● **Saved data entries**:
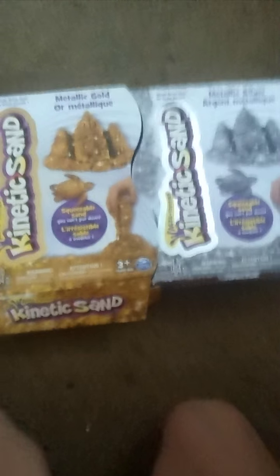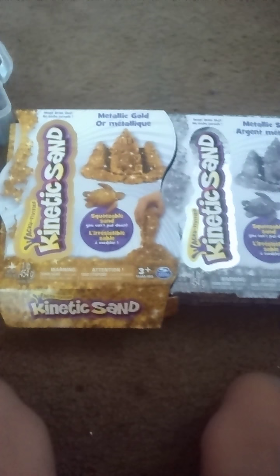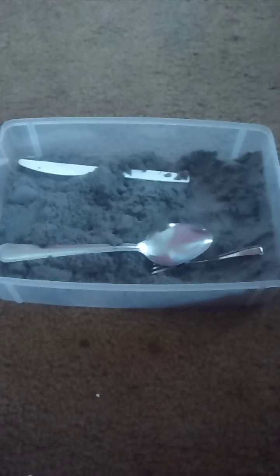See how the castle and everything is the same except the colors - it's the same thing. The back is ripped though. Let's get right to it. I got the kinetic sand - it's the same exact thing as the kinetic sand gold review like I said.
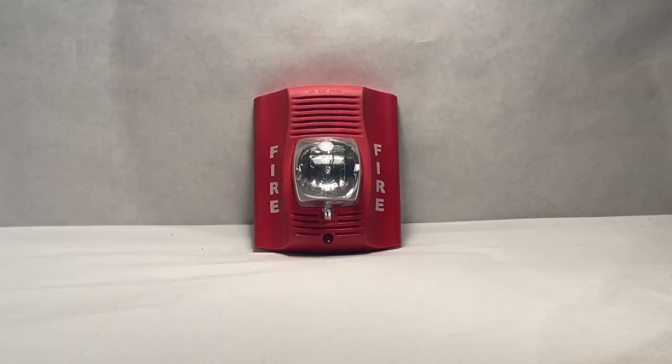Well, that is it for the review of the Spectraler Advance P2R Horn Strobe. Thanks for tuning in. See you next time.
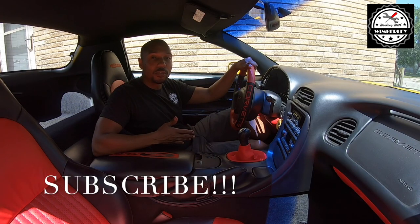If you found this video helpful, be sure to subscribe to the channel, give me a thumbs up, and leave a comment. God bless you all.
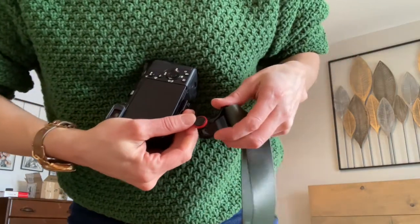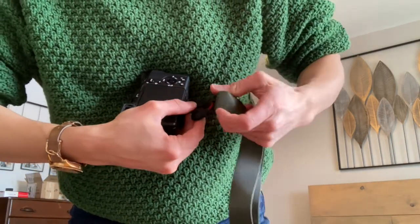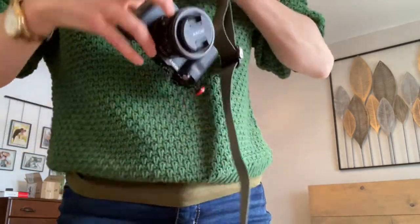They give you plates to put on the bottom that screw into your tripod thread. These plates are not meant to come off ever — you have to screw them in with an allen wrench. The plate is Arca-Swiss compatible, which a lot of current tripods use. They also have a Manfrotto-compatible plate that is still compatible with their capture clip.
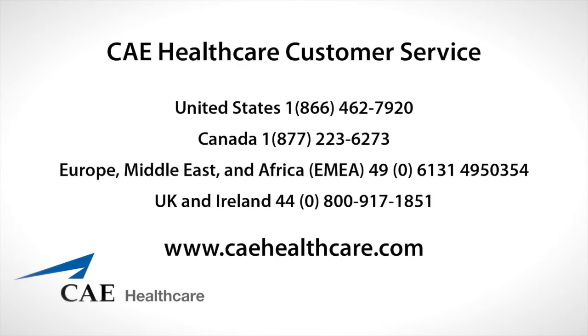This video showed you how to replace and recharge Mediman's battery. If you need more information, please consult the Mediman User Guide or call CAE Healthcare Customer Service at 1-866-462-7920, or at one of our international numbers if appropriate.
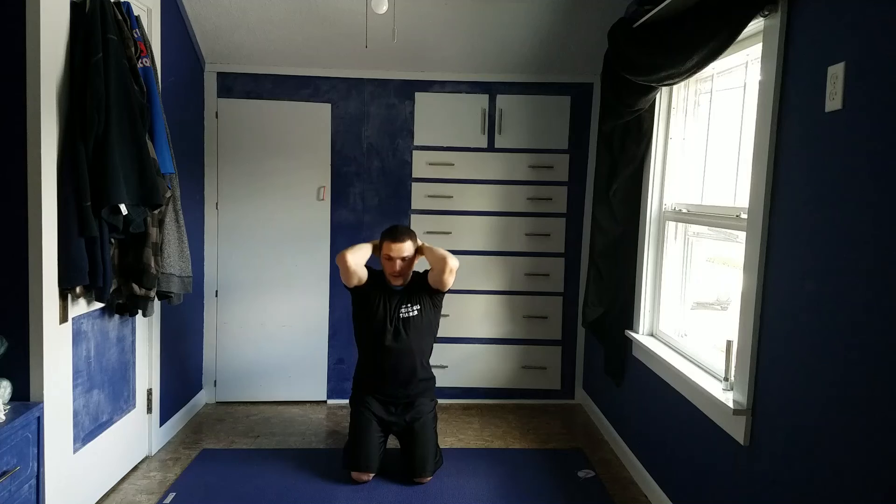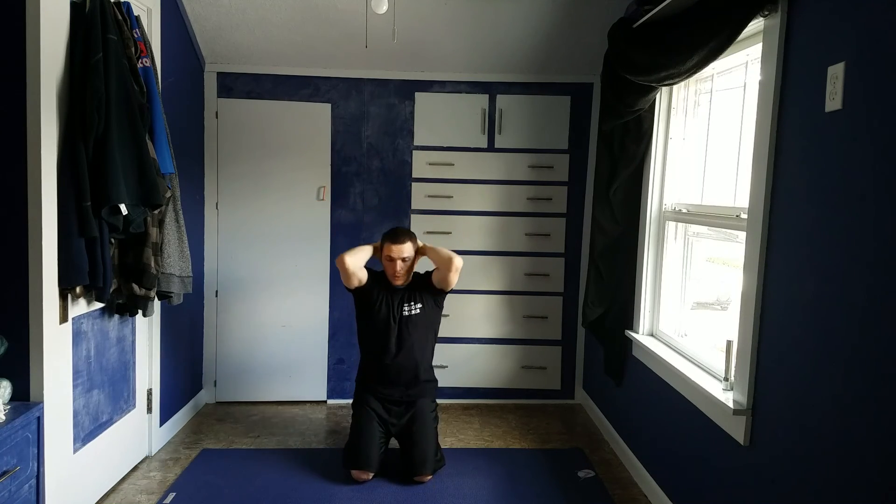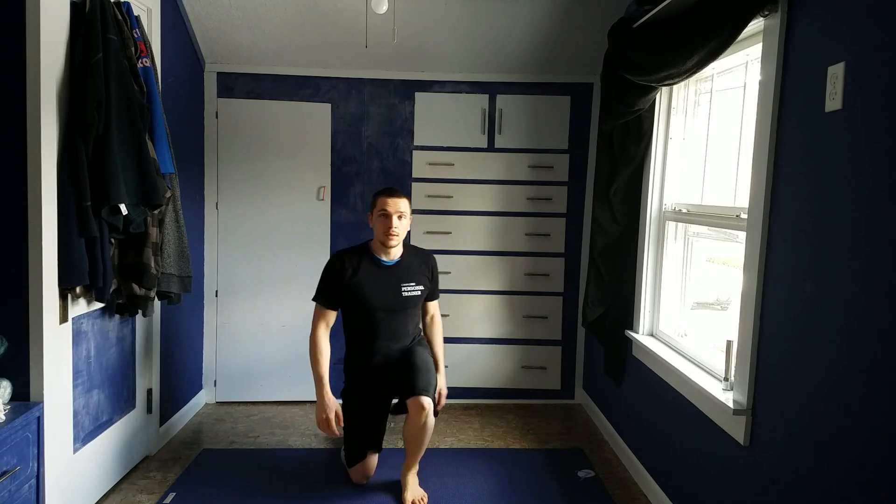Just so you can see it from a front view — nice and aligned. Hands on the back of the head. Inhale and exhale. Have fun with that.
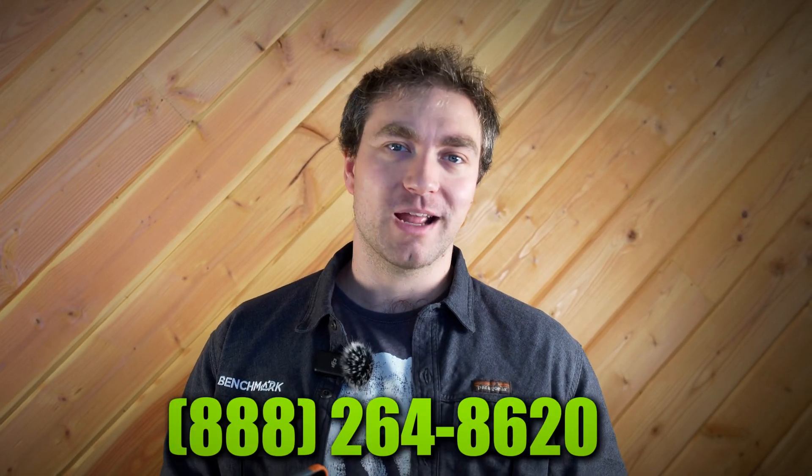If you're interested in learning more about the Archer 4 — maybe you want to test one out or get a quote — feel free to give us a call at the number on the screen. We'd be more than happy to help you out.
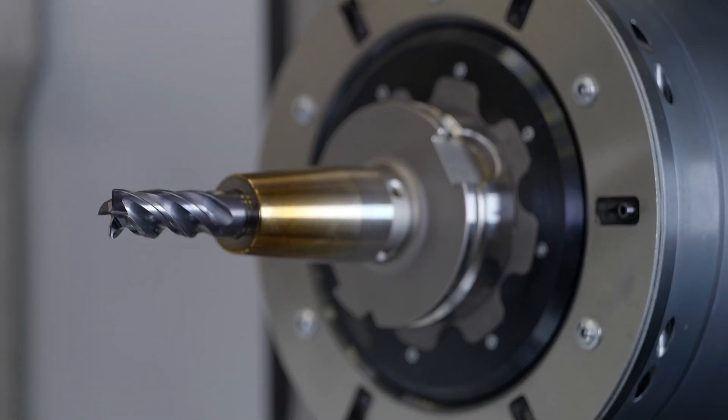We designed and developed a new spindle, an HSK80, which has even more power and performance than an HSK63.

● **What needs to be done**: Transcribe nothing but the lines from the one containing "Just so you" through the final line of the records, exactly as written and without pictures.

● **Result of the task**:
Just so you can see it from a front view — nice and aligned. Hands on the back of the head. Inhale and exhale. Have fun with that.
If you're interested in learning more about the Archer 4 — maybe you want to test one out or get a quote — feel free to give us a call at the number on the screen. We'd be more than happy to help you out.
We designed and developed a new spindle, an HSK80, which has even more power and performance than an HSK63.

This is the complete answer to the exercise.